Camshaft Sensor
If you are anything like most Americans, you rely on your car to get you through your day. With most urban areas so spread out and ringed by suburbs, the common pattern for commuting to work is for a person to live in the suburbs and drive into the city in the morning and then leave the city in the evening and head back to the safety and lower priced comfort of the suburbs. Also, if you are like most Americans, you expect your car to work each time you turn the engine on and, when it does not, that presents a major problem. A car with engine, transmission or other trouble can lead to the inability to get to work, missed productivity and income, and even, in the most dire cases, the loss of a job. So, when you turn on your car, you expect all of its parts to run like clockwork. That includes parts you may never even have heard of, such as the camshaft sensor.
So what in the world is a camshaft censor and what will happen to your car (and your pocketbook!) if it stops working? To describe a camshaft sensor, you must first know a little bit more about the camshaft itself. A camshaft is an auto part used in piston engines. It is used to operate valves called poppet valves. The camshaft looks like a cylindrical rod with a number of lobes (called “cams”) protruding from its length. Those little cams then rotate, and as they get to the poppet valves, they press on them, causing them to open.
Sound like a lot of gibberish? Well, the way a camshaft and camshaft sensor works may sound complicated, but keep in mind that the camshaft is actually a historical invention. The first camshaft was invented in Mesopotamia (now Iraq) in around 1206 (or at least that’s when it appears in the historical record as described by the writer Al-Jazari.) The cam shaft appeared in Europe around the 14th century, and possibly even earlier!
A car's camshaft is connected to the crankshaft. This is because it is vital that the car's poppet valves open and close at exactly the right time. This connection can be made through a gear mechanism or via a belt (i.e. the timing belt or the timing chain.) When you hear that one of your car's belts is in trouble, this could very well have to do with the camshaft or the camshaft sensor. Though this is not true now, back when fuel injector systems were in their infancy, the camshaft would be used to operate the fuel injectors. Camshaft sensors worked as a part of that mechanism, as well.
Sport car racers are also especially interested in camshafts and camshaft sensors. The camshaft can be advanced or modified in order to produce better low end torque. It can also be lessened, or retarded, to make better high end torque. This torque, a type of rotation, assists in high performance in vehicles.

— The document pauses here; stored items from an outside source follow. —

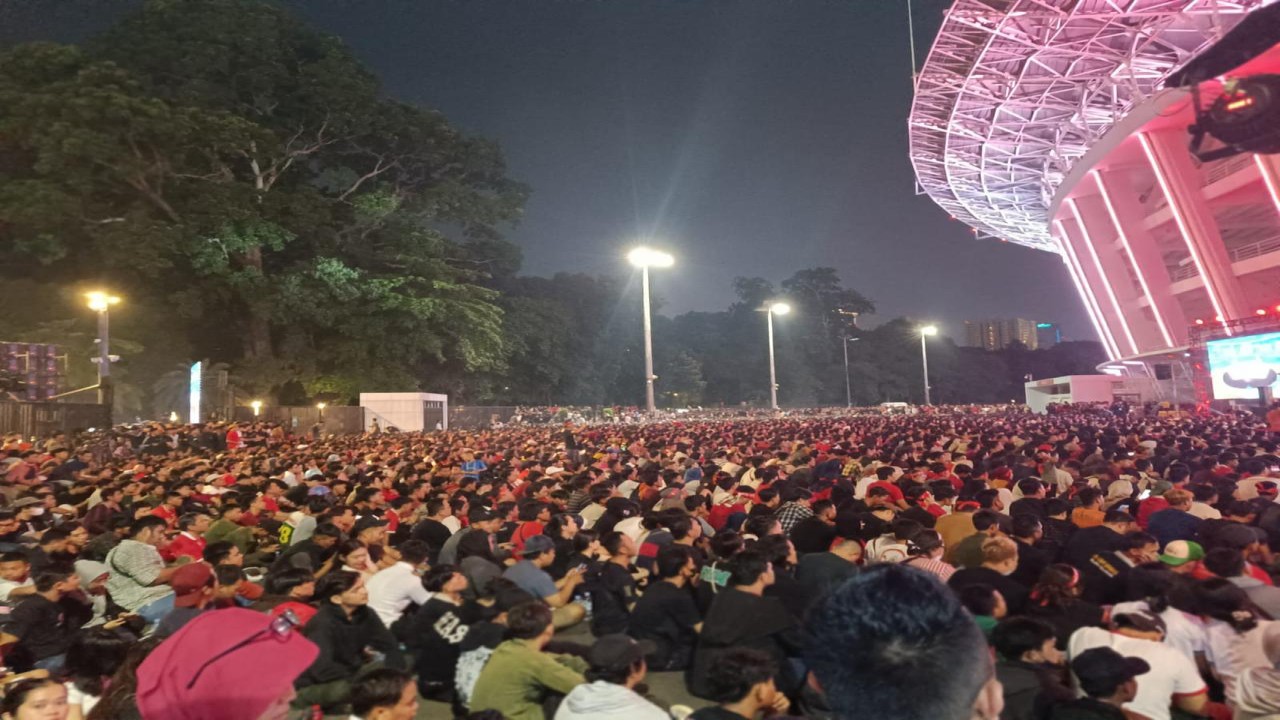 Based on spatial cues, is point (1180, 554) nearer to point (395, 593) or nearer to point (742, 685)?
point (742, 685)

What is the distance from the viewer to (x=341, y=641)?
4.99 m

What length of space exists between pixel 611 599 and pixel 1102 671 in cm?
354

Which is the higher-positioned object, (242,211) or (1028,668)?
(242,211)

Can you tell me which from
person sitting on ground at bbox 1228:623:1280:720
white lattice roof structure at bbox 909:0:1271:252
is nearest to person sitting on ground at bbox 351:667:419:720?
person sitting on ground at bbox 1228:623:1280:720

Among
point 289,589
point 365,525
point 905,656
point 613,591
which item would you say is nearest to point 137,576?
point 365,525

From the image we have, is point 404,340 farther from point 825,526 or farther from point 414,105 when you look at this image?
point 825,526

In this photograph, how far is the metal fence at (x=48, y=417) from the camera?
1934 centimetres

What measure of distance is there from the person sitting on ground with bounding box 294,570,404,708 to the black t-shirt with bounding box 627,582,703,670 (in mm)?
1698

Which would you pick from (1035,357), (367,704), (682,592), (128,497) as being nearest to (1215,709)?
(682,592)

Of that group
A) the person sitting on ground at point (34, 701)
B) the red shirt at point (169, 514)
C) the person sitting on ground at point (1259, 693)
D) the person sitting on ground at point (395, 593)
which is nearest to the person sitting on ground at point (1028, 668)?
the person sitting on ground at point (1259, 693)

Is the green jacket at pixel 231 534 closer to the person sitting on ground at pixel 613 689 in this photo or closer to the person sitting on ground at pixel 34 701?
the person sitting on ground at pixel 34 701

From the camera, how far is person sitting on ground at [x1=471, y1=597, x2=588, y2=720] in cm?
425

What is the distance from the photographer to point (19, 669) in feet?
15.5

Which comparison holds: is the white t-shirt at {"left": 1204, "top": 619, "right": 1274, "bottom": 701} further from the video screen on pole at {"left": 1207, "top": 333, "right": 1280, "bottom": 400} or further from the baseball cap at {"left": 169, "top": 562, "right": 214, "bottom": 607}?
the video screen on pole at {"left": 1207, "top": 333, "right": 1280, "bottom": 400} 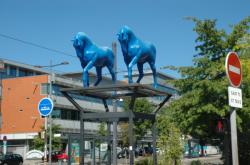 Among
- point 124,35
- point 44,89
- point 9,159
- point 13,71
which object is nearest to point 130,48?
point 124,35

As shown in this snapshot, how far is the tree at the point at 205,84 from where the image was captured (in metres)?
21.3

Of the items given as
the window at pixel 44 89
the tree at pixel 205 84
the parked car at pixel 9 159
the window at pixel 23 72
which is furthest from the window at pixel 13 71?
the tree at pixel 205 84

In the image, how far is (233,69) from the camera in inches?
334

Here is an example of the way camshaft and thus, camshaft sensors, work. In a simple two-stroke engine, if it uses a camshaft, that is, each poppet valve opens once for each rotation. In two-stroke engines, the camshaft and the crankshaft (which it is connected to) rotate at the same rate. In a four-stroke engine, on the other hand, the poppet valves are opened only half as often as with the two-stroke engine. So, in a four-stroke engine, the crankshaft rotates two times for every one time the camshaft rotates.
Now, when your car breaks down, perhaps you have a little more knowledge of camshafts and camshaft sensors.
Comment by Richard Sweetman on 5 February 2011:
Why is Vauxhall/Opel so crap at making cars work? I purchased a lemon of a 1.4 Astra Club in September 2004. I'll never buy Vauxhall again! In the first two years the power seer failed with lose of oil, then the engine seals failed at 15,000 miles, now the bloody electronics at 17000 likely cause the can sensor!
A positively crap car from new! Oh the horn never worked when driving but with engine off was fine! The bloody indicators don't stay on when turning and don't cancel when straight! What can I say about the car?....looks good but may as well be an old Skoda, Lada, Yugo!